El-Deah (אֵל דֵּעוֹת) — "the God of knowledge" — is the divine title Hannah declares in 1 Samuel 2:3: "Talk no more so exceeding proudly; let not arrogancy come out of your mouth: for the LORD is a God of knowledge, and by him actions are weighed." The name names the omniscient LORD who weighs not merely deeds but motives, not merely actions but the heart from which they spring. Nothing is hidden from Him — "all things are naked and opened unto the eyes of him with whom we have to do" (Hebrews 4:13). The pride that thinks itself unseen is the worst delusion of the fallen mind. El-Deah sees through it, weighs it, and judges it justly.
Webster 1828: God who possesses perfect, exhaustive knowledge of all things.

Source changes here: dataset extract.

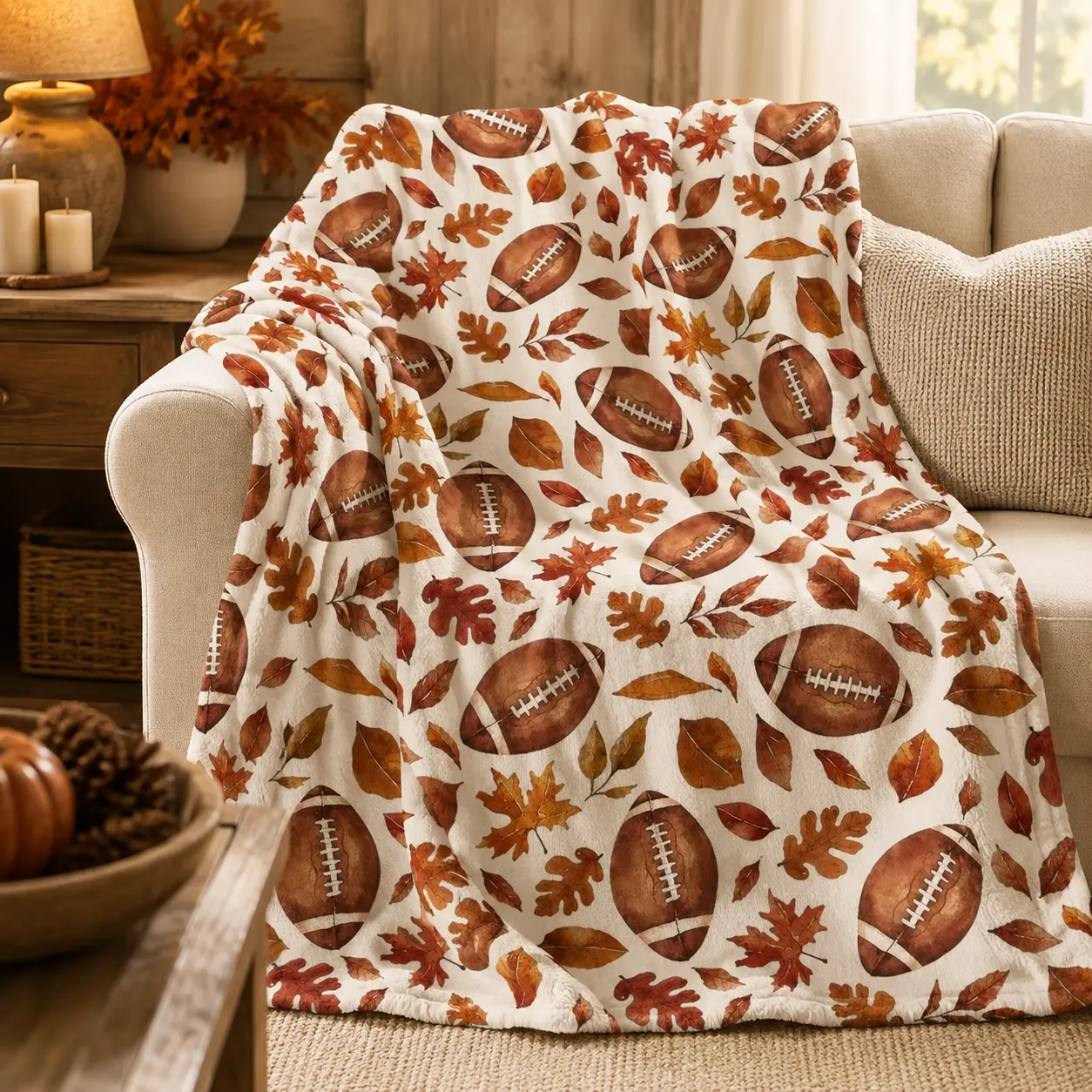 Fall Football Maple Leaf Flannel Throw Blanket - Watercolor American Football & Autumn Harvest Foliage Art Print, Soft Lightweight All-Season Fuzzy Blanket for Couch, Cozy Game Day Decor, Thanksgiving Holiday Gift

The title declares that knowledge is not merely an attribute of God but His very being. He knows the end from the beginning, the heart from the lips, the secret from the public.
1 Samuel 2:3 — "For the LORD is a God of knowledge, and by him actions are weighed."
Psalm 139:2 — "Thou knowest my downsitting and mine uprising, thou understandest my thought afar off."
Job 37:16 — "The wondrous works of him which is perfect in knowledge."
Proverbs 15:3 — "The eyes of the LORD are in every place, beholding the evil and the good."
Modern man boasts of his learning while denying the God who knows him utterly.
The age of information has produced an arrogance toward El-Deah. Men gather data and call it wisdom, forgetting the One who knew before any database existed.
God's knowledge is not a search engine; it is omniscience that weighs the heart. To live coram Deo is to live before El-Deah.
El (God) joined to Deah (knowledge).
H410 — El — God
H1844 — Deah — knowledge, opinion, perception
"Hannah called Him El-Deah, the God who weighs every action."
"Before El-Deah no thought is hidden, no motive unread."
"The fool says God does not see; El-Deah sees all."